Fil her gün aynı yoldan geçen bir canlıdır. Fil avcıları yola tuzak kurarak onu çukura düşürürler. Siyah elbise ile gelip iyice döverler. Bir iki gün sonra beyaz elbise ile gelip kurtarırlar. Fil artık onları kurtarıcı gibi görür. Bir başka psikolojik savaş yöntemi de budur: Toplumu bunalıma sok, sonra kurtar ve kendine bağla.
Beyin manyetik tarama tekniklerinin ilerlemesi gösteriyor ki, kişiler karar verirken mantıktan çok duygusal ve sosyal içerikli tercihlerde bulunuyor, kendilerini mutlu edecek davranışlara yöneliyorlar. ABD Atlanta Emory Üniversitesinden Gregory Berns ve ekibi, 2002 yılında, Fonksiyonel Manyetik Rezonans Görüntüleme (MRI) teknolojisi ile 36 kadının beyinlerini taradı. Beynin ödül işleme alanı olan Corpus straitum alanının harekete geçmesini inceleyen ekip, kişilerin kendilerini daha çok mutlu eden davranış biçimini seçtiklerini tespit etti. Bir davranışın artı ve eksilerini değerlendirirken maddi kazançlardan çok duygusal ve sosyal içerikli kazançların önem taşıdığı görüldü. Daha fazla para kazanma yerine daha iyi bir insan olarak tanınma isteği, insanları arkadan vurmamak kaygısı vb faktörlerin, karar vermede önemli etkenler olduğu beyinsel olarak anlaşıldı.

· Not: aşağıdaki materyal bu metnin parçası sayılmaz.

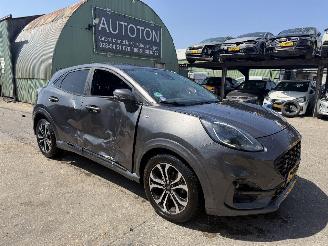 Ford Puma 1.0 Ecoboost 92KW Hybrid X ST-Line Clima Navi Camera picture 5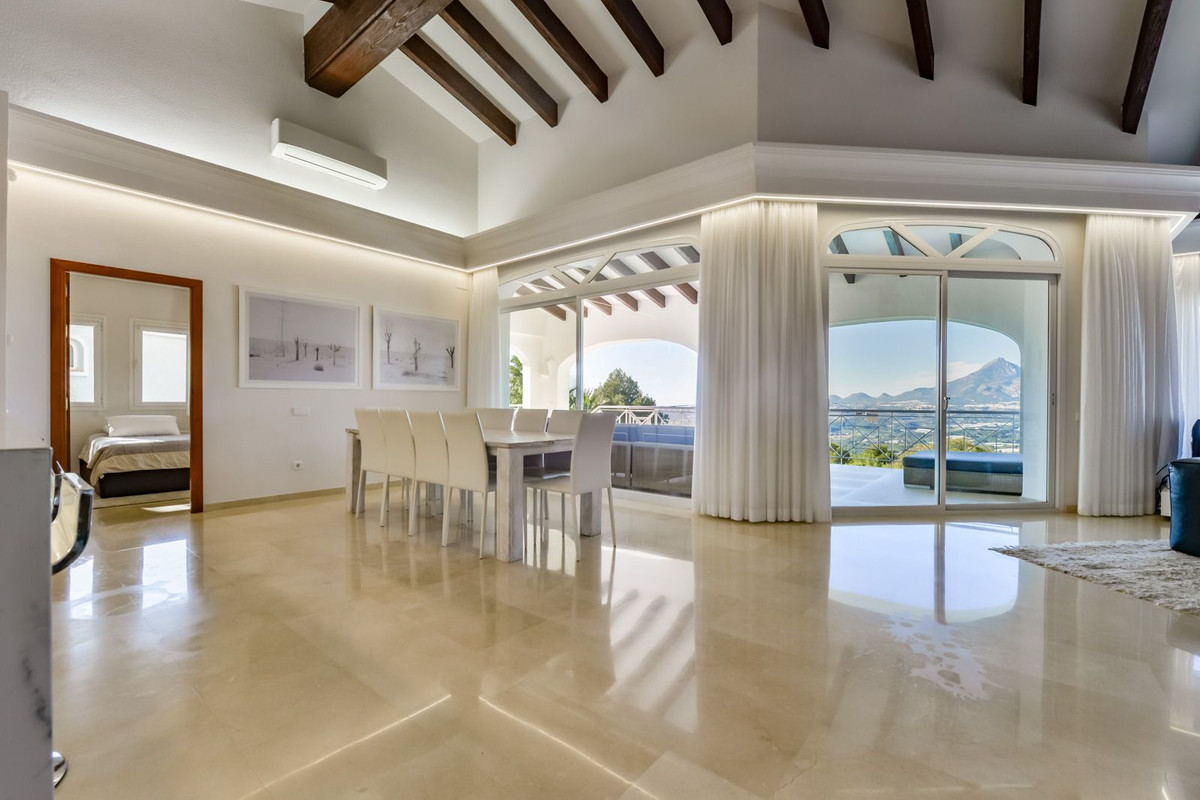 8 Bed Townhouse for sale in Altea Hills Costa Blanca, Alicante, Spain
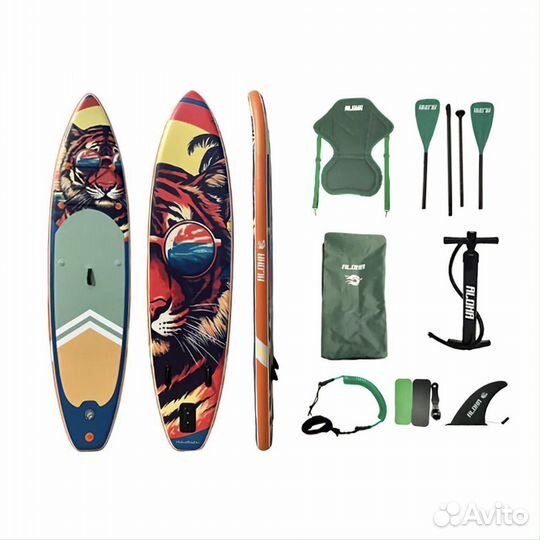 Сап борд доска sup board Aloha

“Uygarlığın karşılığı nevrozla ödenir” Freud
“Adalet örümcek ağına benzer; zayıf sinekler ona takılır, büyük sineklerse onu deler geçer” sözünün pirim yaptığı toplumlarda barış beklenemez. Adaleti delenler de hep özel muamele bekleyen, hukuku gerektiğinde rafa kaldırabileceğini düşünen narsistlerdi.
“Narsistik kişiler, demokrasiyi kendi çıkarlarına hizmet etmedikçe sevmezler. Kendilerine dalkavukluk yapılmasını engellediği için demokrasiye “halk dalkavukluğu” denilmesinden hoşlanırlar.
Birisi Sokrates’e bir haber aktarmak istiyor. Sokrates o kişiye, “Söyleyeceğini önce üç filtreden geçirelim ondan sonra anlat” diyor. Birincisi, “Doğruluk Filtresi” dir. Anlatacağının doğru olduğuna inanıyor musun? İkincisi, “İyilik Filtresi” dir. Anlatacağın gerçekler iyi şeyler mi? Üçüncüsü ise, “Faydalık Filtresi” dir. Anlatacağın şeylerin faydası var mı? Sokrates bu üç filtreyi sıraladıktan sonra, haber anlatmak üzere kendisine gelen bir kişiye, “Doğru, iyi ve faydalı olmayan bir şeyi bana anlatma” der.
Düşünceye duygu eklenirse inanç oluşur. İnanç devam ederse davranış gelişir. Davranış devam ederse alışkanlık ve alışkanlık devam ederse kişilik oluşur. Çocukluğumuzda öğretilen her şey tekrarlanırsa kişiliğimiz haline gelir. Kişi istemedikçe bu network’ler değişmez.
Erken çocukluk dönemlerinde çok televizyon seyreden çocuklarda okumak, bedenini kullanmak, çevrede yönünü bulmak gibi öğrenme biçimleri gelişmiyor. Aynı biçimde şiddet, acı, ıstırap içeren filmleri seyreden çocuklarda duyarsızlık, aldırmazlık başlıyor ve acıma, empati duygusu gelişmiyor.